Annuals.—There is still an opportunity of sowing many varieties, and also to make further sowings of others that are already showing signs of promise. The practice of insuring a succession of all flowers much in demand for vases, of which Sweet Peas are an example, is on the increase, and deserves to be further extended. Another point is that many annuals which require heat in earlier months may with confidence be sown during May in the open ground.

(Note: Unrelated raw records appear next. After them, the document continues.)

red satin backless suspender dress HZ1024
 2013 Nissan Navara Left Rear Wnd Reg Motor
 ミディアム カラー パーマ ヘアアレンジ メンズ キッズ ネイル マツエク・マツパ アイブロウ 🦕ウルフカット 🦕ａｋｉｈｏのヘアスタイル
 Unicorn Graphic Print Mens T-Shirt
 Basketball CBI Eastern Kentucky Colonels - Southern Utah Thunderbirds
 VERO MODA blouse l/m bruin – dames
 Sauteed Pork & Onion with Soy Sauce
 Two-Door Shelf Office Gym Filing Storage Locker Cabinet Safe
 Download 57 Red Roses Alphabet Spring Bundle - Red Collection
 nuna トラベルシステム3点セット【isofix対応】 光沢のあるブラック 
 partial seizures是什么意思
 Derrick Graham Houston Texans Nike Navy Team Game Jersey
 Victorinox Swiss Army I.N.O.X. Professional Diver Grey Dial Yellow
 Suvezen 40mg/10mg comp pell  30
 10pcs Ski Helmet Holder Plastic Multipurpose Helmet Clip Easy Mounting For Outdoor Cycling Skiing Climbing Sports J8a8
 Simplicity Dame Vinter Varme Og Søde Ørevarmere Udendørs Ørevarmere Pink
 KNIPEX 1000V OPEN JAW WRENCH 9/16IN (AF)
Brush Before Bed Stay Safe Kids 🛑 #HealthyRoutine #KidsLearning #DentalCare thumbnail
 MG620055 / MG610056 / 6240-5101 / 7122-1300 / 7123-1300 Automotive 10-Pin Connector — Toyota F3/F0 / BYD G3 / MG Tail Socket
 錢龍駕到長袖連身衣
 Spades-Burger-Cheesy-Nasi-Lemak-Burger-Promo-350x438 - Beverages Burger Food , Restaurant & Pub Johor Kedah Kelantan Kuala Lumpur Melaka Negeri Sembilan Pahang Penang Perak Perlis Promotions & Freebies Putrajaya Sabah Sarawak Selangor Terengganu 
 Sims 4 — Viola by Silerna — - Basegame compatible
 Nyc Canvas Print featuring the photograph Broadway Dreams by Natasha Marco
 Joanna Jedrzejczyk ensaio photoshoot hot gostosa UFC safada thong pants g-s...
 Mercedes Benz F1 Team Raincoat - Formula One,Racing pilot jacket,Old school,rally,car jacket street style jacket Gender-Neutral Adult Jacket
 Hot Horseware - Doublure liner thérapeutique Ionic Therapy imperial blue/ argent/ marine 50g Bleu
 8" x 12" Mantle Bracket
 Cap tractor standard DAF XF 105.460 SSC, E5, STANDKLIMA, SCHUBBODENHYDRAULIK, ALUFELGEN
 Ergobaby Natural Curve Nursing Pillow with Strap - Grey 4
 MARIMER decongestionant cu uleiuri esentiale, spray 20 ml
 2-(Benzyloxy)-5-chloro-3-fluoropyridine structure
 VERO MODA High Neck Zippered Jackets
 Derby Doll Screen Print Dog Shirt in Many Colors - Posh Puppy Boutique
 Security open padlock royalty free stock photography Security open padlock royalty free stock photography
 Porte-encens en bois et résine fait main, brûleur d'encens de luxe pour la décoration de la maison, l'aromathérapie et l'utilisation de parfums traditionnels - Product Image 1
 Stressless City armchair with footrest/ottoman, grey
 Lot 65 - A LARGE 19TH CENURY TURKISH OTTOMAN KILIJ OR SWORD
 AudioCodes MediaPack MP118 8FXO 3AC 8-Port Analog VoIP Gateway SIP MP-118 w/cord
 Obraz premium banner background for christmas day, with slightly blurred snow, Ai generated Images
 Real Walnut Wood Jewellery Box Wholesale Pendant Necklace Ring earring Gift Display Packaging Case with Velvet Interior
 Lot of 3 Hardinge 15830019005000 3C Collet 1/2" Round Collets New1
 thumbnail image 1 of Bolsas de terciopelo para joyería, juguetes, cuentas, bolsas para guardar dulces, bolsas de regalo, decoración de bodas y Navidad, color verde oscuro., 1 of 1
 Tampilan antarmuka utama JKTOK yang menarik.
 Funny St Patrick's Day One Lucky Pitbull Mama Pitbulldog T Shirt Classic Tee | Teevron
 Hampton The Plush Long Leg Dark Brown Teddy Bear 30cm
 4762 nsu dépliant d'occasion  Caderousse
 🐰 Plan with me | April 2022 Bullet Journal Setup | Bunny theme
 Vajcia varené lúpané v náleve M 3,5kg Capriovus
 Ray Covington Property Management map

Hardy Biennials and Perennials.—Seed of many favourite biennials and perennials may be safely sown in the open ground during May, June, and July, and as a general rule the finest plants for flowering in the following season are obtained from the earliest sowings. The bed for the seed should be prepared with care and a friable loam is the best for the purpose. Immediately the seedlings are large enough to handle, transplant to small rich nursery beds and shift to flowering positions in the autumn. A number of these subjects are dealt with individually in the calendars for the months named, and others which are suitable for the purpose are:

Anchusa italica
Aster sub-cæruleus
Candytuft (Iberis)
Cheiranthus Allionii
Chrysanthemum leucanthemum
Coreopsis grandiflora
Galega officinalis
Gaura Lindheimeri
Gypsophila paniculata
Poppy, perennial

Antirrhinum is admirably adapted for a dry and sunny position, in which it will thrive and flower freely.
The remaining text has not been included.